The next day Sonicbids Winner, Clifflight, S. Carey, Sky Ferreira, Bleachers, The Hold Steady, Volcano Choir, Girl Talk, Lorde, and Childish Gambino were all scheduled to play. Unfortunately, the music gods got upset with Boston, creating one of the most intense storms to pass over the city in a while. It evacuated everyone in the (outside) venue to surrounding restaurants, retail stores, and even parking garages. People got sent into a parking garages with policemen lining the doors making sure everyone stayed inside. The wait was about two hours and finally word got out that everyone could return. When the venue was cleared and ready to let the festival goers back in, it was announced that Lorde would play next, cancelling Volcano Choir and Girl Talk. Lorde opened the show back up thanking the fans for waiting. She did her classic dance moves, stayed connected with the audience, and was clearly happy to be experiencing Boston with her fans. Childish Gambino came on next, bringing energy into the crowd. He had people who did not even know his music grooving down, his stage presence was fantastic, jumping all around the stage and clearly having a ball performing.
The third day was a typical September day.

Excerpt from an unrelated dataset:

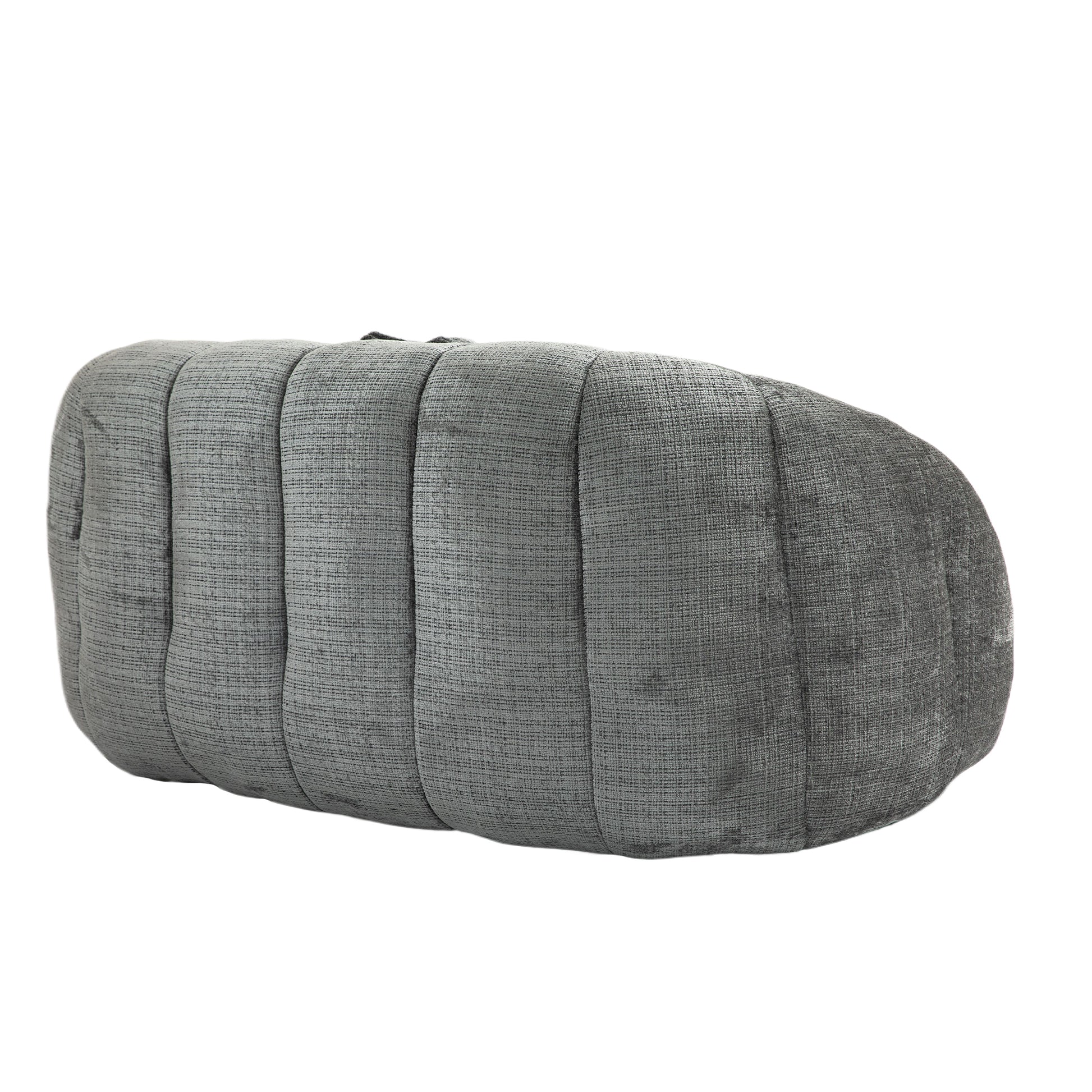 Coolmore Bean Bag Sofa Lazy Sofa Durable Comfort Lounger High Back Bean Bag Chair Couch For Adults And Kids, Indoor & Outdoor, Accent Floor Soft Lounge Chair Gray Chenille Gray Primary Living Space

The sun was out, (and stayed out all day), the festival attendants were dancing around the venue, and not one raindrop was shed, (shedding of tears by diehard fans? That is another story). There was music all afternoon, but the band that stood out towards the end was Spoon. There were conversations going on all around about how badly everyone has wanted to see them live, and finally they came out. They were calm, playing some of their new stuff but also pleasing the crowd with their old hits. The other act Sunday that took the crowd by storm was Nas and The Roots. The Roots left the set for The Tonight Show With Jimmy Fallon and came to play Boston for a night. Nas and The Roots vibed together fantastically, sharing the stage equally and clearly enjoying themselves.
One of the most important aspects of a concert is the stage presence of the performers. The engaging performances are the ones that really stand out, and eventually make the artist or band more successful. Twenty One Pilots went into the crowd to perform, The 1975 brought a fan on stage, and Lorde talked to the audience like they were her friends. It is important for the artists to talk to the audience and be present in the moment. Explaining the origins of the songs, making connections with the people… All of those parts of performing are what makes or breaks the show.
Overall, the weekend was a success. There was adventure in regards to the nasty thunderstorm, great food venders, amazingly helpful volunteers, and finally of course, phenomenal musical acts. Each band was different and made the weekend the best it could have possibly been.